[Material provided Boundary: Start]

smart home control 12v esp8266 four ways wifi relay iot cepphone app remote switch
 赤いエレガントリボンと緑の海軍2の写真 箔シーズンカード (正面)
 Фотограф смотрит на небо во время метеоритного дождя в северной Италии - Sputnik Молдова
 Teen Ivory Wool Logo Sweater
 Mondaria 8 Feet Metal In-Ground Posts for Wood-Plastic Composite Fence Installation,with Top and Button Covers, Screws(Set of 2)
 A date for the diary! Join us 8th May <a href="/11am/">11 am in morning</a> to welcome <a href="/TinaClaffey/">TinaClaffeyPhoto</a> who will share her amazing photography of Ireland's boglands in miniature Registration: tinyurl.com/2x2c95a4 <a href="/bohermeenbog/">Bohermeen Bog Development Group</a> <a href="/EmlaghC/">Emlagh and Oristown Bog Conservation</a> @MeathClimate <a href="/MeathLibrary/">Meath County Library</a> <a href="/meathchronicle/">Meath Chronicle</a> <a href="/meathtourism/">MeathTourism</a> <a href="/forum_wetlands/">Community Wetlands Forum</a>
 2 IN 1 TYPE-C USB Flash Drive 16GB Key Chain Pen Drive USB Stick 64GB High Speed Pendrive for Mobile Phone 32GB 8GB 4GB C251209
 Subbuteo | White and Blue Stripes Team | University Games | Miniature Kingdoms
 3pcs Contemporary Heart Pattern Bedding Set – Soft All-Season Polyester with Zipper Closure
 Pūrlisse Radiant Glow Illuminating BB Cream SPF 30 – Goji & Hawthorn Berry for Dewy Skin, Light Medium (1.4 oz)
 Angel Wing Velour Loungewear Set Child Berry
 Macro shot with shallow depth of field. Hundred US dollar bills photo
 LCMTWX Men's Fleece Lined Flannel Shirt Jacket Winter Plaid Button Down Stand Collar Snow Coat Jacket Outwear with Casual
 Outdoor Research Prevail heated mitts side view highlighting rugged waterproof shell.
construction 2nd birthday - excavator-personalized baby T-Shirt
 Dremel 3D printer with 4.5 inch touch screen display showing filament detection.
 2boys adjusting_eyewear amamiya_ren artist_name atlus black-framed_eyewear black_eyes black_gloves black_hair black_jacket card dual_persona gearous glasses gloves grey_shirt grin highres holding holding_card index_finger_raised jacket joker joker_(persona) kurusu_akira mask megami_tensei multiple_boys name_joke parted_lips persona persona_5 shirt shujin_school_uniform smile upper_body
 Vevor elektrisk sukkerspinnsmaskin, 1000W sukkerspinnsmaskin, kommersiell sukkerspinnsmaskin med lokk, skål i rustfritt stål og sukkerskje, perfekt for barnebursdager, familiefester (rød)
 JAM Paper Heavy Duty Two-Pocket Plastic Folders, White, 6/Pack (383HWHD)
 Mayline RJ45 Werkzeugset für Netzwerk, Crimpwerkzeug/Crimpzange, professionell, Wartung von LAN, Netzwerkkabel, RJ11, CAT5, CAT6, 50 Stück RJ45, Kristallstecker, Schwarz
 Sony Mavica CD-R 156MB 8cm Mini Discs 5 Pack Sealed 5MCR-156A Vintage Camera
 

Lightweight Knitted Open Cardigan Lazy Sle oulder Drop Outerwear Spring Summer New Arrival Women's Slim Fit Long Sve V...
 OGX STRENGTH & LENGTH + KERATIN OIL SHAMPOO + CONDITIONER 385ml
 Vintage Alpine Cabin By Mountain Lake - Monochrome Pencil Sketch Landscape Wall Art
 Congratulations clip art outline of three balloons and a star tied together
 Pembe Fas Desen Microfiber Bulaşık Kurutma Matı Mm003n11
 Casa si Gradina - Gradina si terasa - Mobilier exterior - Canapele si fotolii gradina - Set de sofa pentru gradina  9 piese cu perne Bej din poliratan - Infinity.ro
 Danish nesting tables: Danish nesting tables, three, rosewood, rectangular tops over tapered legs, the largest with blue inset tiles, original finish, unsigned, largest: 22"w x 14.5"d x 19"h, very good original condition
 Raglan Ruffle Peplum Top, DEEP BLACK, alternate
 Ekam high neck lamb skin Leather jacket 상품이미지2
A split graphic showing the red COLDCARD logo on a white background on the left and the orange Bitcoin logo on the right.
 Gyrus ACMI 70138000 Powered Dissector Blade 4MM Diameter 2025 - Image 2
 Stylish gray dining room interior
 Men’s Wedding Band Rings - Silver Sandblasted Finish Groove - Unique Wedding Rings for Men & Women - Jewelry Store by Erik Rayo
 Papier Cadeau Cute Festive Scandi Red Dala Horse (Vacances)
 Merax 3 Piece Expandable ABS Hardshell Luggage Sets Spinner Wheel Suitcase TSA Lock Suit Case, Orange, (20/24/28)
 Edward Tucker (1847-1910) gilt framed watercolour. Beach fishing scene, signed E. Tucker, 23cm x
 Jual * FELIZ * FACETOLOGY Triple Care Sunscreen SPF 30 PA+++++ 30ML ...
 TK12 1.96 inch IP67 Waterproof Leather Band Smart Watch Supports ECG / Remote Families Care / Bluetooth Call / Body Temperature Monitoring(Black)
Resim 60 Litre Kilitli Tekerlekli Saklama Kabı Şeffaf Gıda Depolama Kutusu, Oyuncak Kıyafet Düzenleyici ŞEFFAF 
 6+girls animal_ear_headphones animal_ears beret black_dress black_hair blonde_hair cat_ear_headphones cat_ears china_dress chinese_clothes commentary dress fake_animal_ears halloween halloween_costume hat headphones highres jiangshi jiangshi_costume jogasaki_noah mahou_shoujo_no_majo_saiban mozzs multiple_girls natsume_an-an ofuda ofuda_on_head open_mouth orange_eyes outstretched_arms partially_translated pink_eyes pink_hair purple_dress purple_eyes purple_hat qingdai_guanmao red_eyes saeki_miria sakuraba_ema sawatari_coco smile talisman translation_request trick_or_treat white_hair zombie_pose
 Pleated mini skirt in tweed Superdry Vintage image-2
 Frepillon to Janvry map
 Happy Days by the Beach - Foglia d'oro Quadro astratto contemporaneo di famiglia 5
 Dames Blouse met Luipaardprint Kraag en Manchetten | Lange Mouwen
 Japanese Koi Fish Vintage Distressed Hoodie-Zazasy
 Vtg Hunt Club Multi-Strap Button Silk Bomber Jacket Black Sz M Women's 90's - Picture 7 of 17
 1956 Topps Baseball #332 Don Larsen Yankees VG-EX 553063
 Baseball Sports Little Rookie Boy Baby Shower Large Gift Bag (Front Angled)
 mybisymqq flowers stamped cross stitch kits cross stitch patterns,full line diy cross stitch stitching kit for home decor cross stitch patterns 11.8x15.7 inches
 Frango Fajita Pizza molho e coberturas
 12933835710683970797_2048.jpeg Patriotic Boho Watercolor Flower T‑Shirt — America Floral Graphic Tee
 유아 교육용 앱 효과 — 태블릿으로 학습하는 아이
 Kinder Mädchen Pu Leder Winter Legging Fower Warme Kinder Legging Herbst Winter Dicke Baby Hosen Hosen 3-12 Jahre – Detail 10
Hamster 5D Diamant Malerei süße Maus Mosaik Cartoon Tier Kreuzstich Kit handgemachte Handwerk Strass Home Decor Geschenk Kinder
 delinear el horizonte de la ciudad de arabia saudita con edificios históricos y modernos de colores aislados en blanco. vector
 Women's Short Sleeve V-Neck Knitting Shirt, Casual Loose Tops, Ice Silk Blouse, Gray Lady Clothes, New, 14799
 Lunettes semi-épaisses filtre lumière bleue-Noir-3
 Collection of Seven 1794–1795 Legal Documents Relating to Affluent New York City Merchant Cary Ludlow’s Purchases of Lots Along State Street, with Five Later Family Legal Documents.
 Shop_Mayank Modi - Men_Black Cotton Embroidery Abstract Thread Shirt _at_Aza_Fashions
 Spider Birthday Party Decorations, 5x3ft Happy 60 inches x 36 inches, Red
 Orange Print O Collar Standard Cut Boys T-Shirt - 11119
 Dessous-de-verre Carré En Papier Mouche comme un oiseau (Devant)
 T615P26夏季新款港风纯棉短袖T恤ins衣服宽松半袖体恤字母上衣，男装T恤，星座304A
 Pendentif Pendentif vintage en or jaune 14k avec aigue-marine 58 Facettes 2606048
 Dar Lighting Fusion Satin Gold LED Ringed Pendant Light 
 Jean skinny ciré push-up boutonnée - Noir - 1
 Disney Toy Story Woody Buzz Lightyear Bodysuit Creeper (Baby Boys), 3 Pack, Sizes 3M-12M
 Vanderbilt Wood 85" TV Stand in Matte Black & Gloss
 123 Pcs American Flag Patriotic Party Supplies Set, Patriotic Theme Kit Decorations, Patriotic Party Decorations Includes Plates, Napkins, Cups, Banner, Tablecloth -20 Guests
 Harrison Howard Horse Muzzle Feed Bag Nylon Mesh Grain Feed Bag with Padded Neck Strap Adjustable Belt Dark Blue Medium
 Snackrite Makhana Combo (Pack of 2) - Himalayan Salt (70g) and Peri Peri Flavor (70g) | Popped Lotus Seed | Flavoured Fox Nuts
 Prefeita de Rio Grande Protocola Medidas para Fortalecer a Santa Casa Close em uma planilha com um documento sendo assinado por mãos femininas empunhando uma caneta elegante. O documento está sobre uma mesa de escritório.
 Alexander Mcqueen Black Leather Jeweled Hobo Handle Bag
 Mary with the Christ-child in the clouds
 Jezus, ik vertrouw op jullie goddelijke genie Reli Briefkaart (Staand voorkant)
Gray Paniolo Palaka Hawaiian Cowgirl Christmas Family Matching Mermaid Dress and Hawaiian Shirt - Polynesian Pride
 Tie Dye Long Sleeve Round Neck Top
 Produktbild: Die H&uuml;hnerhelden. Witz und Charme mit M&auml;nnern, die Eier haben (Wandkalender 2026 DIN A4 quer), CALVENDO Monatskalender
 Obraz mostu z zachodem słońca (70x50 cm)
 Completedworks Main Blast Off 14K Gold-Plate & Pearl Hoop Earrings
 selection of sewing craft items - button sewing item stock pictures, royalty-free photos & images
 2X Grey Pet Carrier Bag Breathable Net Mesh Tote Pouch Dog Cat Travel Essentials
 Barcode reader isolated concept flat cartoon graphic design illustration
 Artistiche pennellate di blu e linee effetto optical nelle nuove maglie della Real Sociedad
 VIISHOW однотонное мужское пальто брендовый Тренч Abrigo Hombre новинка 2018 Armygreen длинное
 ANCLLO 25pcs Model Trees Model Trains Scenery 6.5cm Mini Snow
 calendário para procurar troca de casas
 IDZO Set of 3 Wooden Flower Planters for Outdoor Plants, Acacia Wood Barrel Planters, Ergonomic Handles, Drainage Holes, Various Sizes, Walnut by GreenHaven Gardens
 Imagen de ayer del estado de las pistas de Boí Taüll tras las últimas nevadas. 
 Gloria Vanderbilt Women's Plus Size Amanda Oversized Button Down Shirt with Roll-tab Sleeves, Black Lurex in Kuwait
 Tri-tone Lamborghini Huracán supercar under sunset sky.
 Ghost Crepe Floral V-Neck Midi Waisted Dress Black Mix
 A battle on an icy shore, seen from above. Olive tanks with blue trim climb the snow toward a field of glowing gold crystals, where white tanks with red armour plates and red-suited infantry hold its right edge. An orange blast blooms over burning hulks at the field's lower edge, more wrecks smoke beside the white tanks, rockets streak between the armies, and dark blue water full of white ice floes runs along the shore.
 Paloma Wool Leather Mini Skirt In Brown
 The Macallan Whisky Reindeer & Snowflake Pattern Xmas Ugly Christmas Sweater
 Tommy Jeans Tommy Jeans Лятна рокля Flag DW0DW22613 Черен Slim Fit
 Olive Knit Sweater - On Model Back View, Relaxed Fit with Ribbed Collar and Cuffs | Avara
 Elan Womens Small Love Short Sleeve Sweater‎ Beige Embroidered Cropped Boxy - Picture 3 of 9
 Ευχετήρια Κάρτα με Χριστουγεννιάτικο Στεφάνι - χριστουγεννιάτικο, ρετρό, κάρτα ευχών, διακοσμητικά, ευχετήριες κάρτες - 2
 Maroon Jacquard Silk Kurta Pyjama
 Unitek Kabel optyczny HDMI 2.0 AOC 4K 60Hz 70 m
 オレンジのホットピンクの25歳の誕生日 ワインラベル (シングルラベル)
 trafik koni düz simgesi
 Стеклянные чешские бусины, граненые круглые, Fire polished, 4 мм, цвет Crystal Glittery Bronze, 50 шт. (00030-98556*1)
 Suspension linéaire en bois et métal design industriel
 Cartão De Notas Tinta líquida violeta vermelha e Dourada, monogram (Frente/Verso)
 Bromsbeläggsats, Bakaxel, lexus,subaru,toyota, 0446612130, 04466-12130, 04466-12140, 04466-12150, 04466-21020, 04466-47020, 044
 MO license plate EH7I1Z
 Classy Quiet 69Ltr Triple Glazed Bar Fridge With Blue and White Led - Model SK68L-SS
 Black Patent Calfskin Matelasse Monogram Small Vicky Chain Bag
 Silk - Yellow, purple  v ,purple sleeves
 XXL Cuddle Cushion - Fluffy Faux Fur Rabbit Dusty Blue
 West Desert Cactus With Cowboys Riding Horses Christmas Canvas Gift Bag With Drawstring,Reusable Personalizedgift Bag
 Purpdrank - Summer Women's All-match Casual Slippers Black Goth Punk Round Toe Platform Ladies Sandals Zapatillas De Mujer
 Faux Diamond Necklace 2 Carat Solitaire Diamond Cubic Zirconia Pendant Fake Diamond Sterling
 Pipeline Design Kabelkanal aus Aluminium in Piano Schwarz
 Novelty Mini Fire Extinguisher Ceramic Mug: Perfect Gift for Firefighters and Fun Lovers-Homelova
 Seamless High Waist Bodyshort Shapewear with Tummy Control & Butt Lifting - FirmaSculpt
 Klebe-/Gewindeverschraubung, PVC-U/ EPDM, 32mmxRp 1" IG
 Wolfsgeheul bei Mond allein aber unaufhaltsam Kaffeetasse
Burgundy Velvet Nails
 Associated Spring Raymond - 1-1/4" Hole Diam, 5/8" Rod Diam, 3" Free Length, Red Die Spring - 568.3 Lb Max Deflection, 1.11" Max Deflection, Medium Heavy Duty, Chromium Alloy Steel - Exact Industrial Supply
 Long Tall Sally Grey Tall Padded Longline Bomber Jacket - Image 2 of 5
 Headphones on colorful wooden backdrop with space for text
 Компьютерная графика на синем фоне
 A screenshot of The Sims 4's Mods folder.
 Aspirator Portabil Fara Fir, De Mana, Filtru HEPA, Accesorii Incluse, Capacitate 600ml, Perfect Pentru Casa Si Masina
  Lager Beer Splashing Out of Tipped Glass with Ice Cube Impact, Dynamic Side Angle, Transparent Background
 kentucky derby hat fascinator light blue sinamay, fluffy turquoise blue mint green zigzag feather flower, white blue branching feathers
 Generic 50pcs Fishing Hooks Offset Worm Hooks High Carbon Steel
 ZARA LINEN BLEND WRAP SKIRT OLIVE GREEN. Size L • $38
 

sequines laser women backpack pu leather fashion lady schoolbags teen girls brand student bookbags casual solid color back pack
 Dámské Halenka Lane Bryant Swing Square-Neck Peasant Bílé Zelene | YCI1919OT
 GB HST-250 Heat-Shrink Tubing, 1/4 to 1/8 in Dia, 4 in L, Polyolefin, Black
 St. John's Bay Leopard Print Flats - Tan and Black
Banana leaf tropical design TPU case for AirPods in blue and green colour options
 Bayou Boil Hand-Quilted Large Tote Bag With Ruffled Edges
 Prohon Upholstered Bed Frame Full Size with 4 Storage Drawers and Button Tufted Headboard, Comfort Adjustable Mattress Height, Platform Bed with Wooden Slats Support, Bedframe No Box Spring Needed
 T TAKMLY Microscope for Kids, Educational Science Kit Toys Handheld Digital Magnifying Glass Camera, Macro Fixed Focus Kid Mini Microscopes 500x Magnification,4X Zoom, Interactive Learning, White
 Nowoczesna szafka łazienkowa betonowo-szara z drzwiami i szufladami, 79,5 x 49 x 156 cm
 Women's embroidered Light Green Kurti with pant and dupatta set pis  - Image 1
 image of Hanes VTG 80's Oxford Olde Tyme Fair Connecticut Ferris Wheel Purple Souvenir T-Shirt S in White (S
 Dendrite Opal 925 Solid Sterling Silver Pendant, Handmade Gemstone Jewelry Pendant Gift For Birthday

[Material provided Boundary: End]

** Task prompt **
Look above for the line with "Seamless High Waist" and the line with "Prohon Upholstered Bed". Retype those two lines and every line between them exactly, adding nothing.

** Result below **
 Seamless High Waist Bodyshort Shapewear with Tummy Control & Butt Lifting - FirmaSculpt
 Klebe-/Gewindeverschraubung, PVC-U/ EPDM, 32mmxRp 1" IG
 Wolfsgeheul bei Mond allein aber unaufhaltsam Kaffeetasse
Burgundy Velvet Nails
 Associated Spring Raymond - 1-1/4" Hole Diam, 5/8" Rod Diam, 3" Free Length, Red Die Spring - 568.3 Lb Max Deflection, 1.11" Max Deflection, Medium Heavy Duty, Chromium Alloy Steel - Exact Industrial Supply
 Long Tall Sally Grey Tall Padded Longline Bomber Jacket - Image 2 of 5
 Headphones on colorful wooden backdrop with space for text
 Компьютерная графика на синем фоне
 A screenshot of The Sims 4's Mods folder.
 Aspirator Portabil Fara Fir, De Mana, Filtru HEPA, Accesorii Incluse, Capacitate 600ml, Perfect Pentru Casa Si Masina
  Lager Beer Splashing Out of Tipped Glass with Ice Cube Impact, Dynamic Side Angle, Transparent Background
 kentucky derby hat fascinator light blue sinamay, fluffy turquoise blue mint green zigzag feather flower, white blue branching feathers
 Generic 50pcs Fishing Hooks Offset Worm Hooks High Carbon Steel
 ZARA LINEN BLEND WRAP SKIRT OLIVE GREEN. Size L • $38
 

sequines laser women backpack pu leather fashion lady schoolbags teen girls brand student bookbags casual solid color back pack
 Dámské Halenka Lane Bryant Swing Square-Neck Peasant Bílé Zelene | YCI1919OT
 GB HST-250 Heat-Shrink Tubing, 1/4 to 1/8 in Dia, 4 in L, Polyolefin, Black
 St. John's Bay Leopard Print Flats - Tan and Black
Banana leaf tropical design TPU case for AirPods in blue and green colour options
 Bayou Boil Hand-Quilted Large Tote Bag With Ruffled Edges
 Prohon Upholstered Bed Frame Full Size with 4 Storage Drawers and Button Tufted Headboard, Comfort Adjustable Mattress Height, Platform Bed with Wooden Slats Support, Bedframe No Box Spring Needed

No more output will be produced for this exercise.